Question

In Exercises \(19-24,(\) a) find each point of discontinuity. (b) Which of the discontinuities are removable? not removable? Give reasons for your answers. $$f(x)=\left\\{\begin{array}{ll}{3-x,} & {x<2} \\ {\frac{x}{2}+1,} & {x>2}\end{array}\right.$$

Short answer

The function \( f(x) \) is discontinuous at \( x = 2 \) and the discontinuity is not removable because the left-hand limit does not equal the right-hand limit.

Step-by-step solution

Identify the Domains

Firstly, the domain of the function need to be identified. For the given function it is all real numbers, as there are no restrictions placed on \( x \).

Find the limit at x=2

Next, the limit of the function as \( x \) approaches 2 should be determined. Since the function is defined differently for values less than 2 and values greater than 2, both the left-hand limit and the right-hand limit need to be calculated. The left-hand limit is the limit of the function as \( x \) approaches 2 from the left, which can be calculated as \( \lim_{{x \to 2^-}} (3 - x) = 1 \). The right-hand limit is the limit of the function as \( x \) approaches 2 from the right, which can be calculated as \( \lim_{{x \to 2^+}} (\frac{x}{2} + 1) =2 \). The function is discontinuous at \( x = 2 \), because the left-hand limit does not equal the right-hand limit.
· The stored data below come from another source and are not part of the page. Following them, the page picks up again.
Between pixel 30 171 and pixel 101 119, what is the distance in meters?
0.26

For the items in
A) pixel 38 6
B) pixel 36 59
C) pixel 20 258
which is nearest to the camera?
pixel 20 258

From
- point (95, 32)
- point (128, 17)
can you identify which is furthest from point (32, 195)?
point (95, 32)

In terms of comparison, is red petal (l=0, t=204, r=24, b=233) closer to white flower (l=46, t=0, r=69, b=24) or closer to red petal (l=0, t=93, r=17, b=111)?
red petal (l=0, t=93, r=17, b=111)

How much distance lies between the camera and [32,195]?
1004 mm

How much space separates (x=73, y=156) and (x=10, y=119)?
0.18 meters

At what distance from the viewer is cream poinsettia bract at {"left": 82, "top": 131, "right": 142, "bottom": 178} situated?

Determine the nature of the discontinuity

Finally, determine whether the discontinuity at \( x = 2 \) is removable or not. A discontinuity is removable if the function value at that point can be redefined to make the function continuous. In this case, there is no value for \( f(2) \) that would make the function continuous at \( x = 2 \), because the left-hand limit does not equal the right-hand limit. Therefore, the discontinuity is not removable.